A recent Indian study on health outcomes of angioplasty, a procedure performed on heart patients, has shown that stenting all blockages in the heart can reduce survival and increase chances of death. The study covered 4,595 patients treated in a government insurance scheme over a four-year period. It highlights the need for closer observance of clinical protocols and calls for more caution in decision-making.
It also points to the need to collate data on clinical performance indicators at hospitals and also at state level, and to regularly provide such data to doctors so it could be used to improve survival and recovery rates of patients treated. Given that the recently announced Ayushman Bharat scheme is a major intervention in the healthcare market, the study suggests that patient outcome indicators need to be integrated with the functioning of the scheme, for it to truly reduce death and disease in the country.
In the study that has been published in international journal PLOS One in May, 4.5 per cent of patients died within one year of the procedure. These deaths were related to high numbers of stents implanted and to greater stent length. Greater age of patient was also directly related to death. The lead author of the study, Dr Bhanu Duggal, a cardiologist from AIIMS Rishikesh, suggests that only those blockages in the heart that are shown to be responsible for heart disease, should be stented, for better health outcomes.
Heart disease, according to 2016 data, is the leading cause of disability in India today and accounts for 28 per cent of all deaths in the country. Providing optimal and cost-effective care to patients, then, must be a serious concern for public policy.
Yet, the current discourse on public health is almost entirely dominated by financing issues rather than possible strategies to improve the health status of patients. No doubt it is important to provide financial support to needy patients. But, surely, it is even more important to see that the maximum number of patients treated recover fully. The only way to ensure that healthcare becomes more patient-centric is if research studies come out of rarefied clinical discourse into public spaces.
These findings suggest two things. One, that better decision-making can improve chances of patient survival in angioplasty cases. Ideally, a cardiac surgeon should also be involved in the treatment decision and not just cardiologists alone. Today there are no norms of this kind in India.
The second implication of the study is that better decision-making can cut costs significantly. After all, given the high cost of stents, the issue of appropriate use becomes critical. Moreover, heart procedures constitute a very large percentage in monetary terms, of monies allocated in public insurance schemes.

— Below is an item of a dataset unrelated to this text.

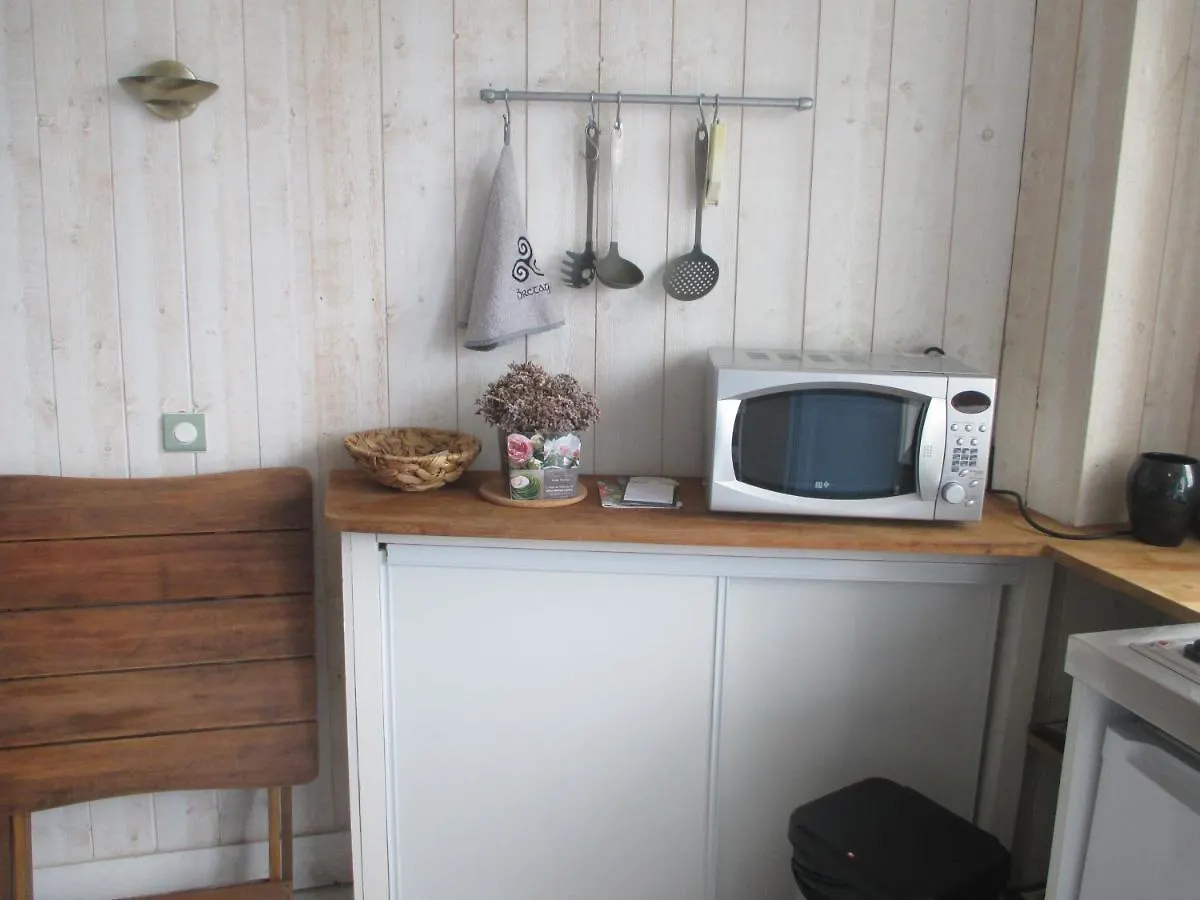 Trestraou, Cote De Granit Rose, Studio Vue Mer, Rez-De-Chaussee Perros-Guirec 0*,  France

The Indian healthcare scenario is characterised by the relative absence of appropriate use criteria for surgical procedures. Appropriate use criteria mean that in any health care scheme, before proceeding for a surgery, the doctors concerned affirm that the case in question conforms to pre-defined norms. The norms are hard-wired into the scheme. So in the case of angioplasty, the use of such criteria would mean that for all elective procedures, the physicians would need to state explicitly on paper that only those blockages that are shown to be responsible for heart disease are proposed to be treated.

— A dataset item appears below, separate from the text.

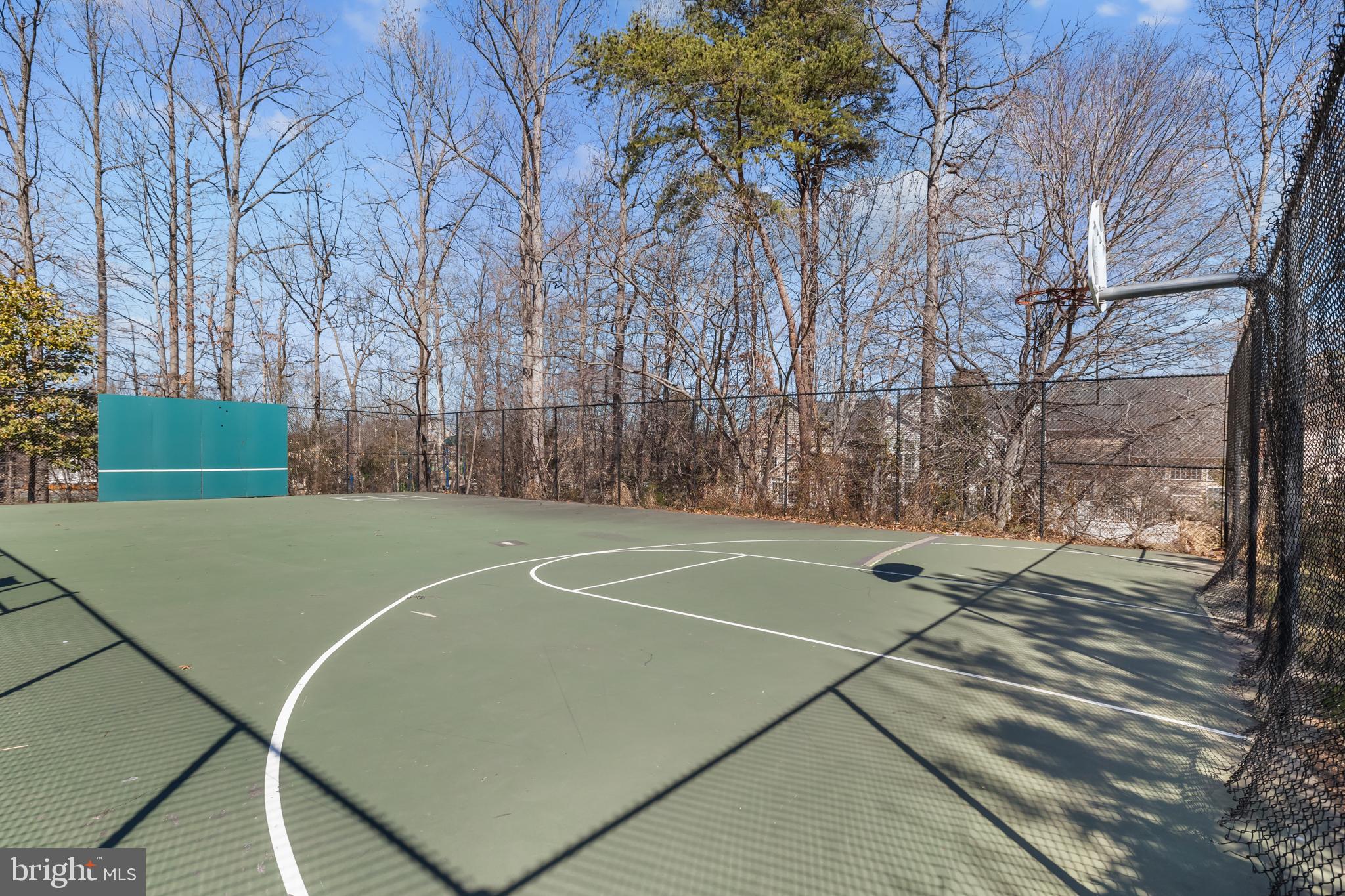 LORTON STATION SOUTH - Residential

Currently, to our knowledge, there is only one health scheme in India, namely the Maharashtra health insurance scheme, that funds secondary and tertiary care, that formally links appropriate use criteria to incurring expenditure in the scheme. The Maharashtra scheme requires treating physicians to fill out a form designed by the topmost experts in the field for each clinical indication that is being treated. Only after that is permission given to proceed. In case of any difference of opinion, the physician is required to record his reasons.

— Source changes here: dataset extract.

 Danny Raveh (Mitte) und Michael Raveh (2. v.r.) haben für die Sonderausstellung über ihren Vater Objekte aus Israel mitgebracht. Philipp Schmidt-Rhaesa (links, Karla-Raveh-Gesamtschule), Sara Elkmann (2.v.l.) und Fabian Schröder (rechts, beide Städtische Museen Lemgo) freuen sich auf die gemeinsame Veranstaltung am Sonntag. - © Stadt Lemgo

Another study, by Dr G Karthikeyan, cardiologist at AIIMS New Delhi and lead author, showed that in one year after the introduction of these criteria in the Maharashtra scheme, the incidence of angioplasty as a proportion of all treatments, was reduced by 12.3 per cent. Given that angioplasty accounted for roughly Rs 90 crore annual expenditure at the time and a major share of all claims, this was a significant saving.
Interestingly, both studies show no difference in outcomes between public and private sector hospitals.
For nearly a hundred years now, Western countries have developed a convention of patient registries. Such a register is specific for a disease and means that participating hospitals record patient information in the register. The information, recorded over time, can provide extremely valuable inputs for improving treatment protocols. In the US, using data from the National Cardiovascular Data Registry, a study of over 5,00,000 patients who had undergone angioplasty between 2009-2010 showed that while interventions in emergency situations were appropriate, for elective procedures, only 50 per cent could be categorised as appropriate, 38 per cent were uncertain and 12 per cent were inappropriate.
In India we have no such convention, nor are hospitals required to collate procedure specific data. The government has great market power in the health space today. Such market power could conceivably be used to improve the practice of medicine. We have any number of highly qualified doctors who are willing to help and who have devised appropriate use criteria. If only such criteria could be structured into group insurance schemes, they could do a great deal of good. In a knowledge society, the use of evidence-based criteria can save many lives.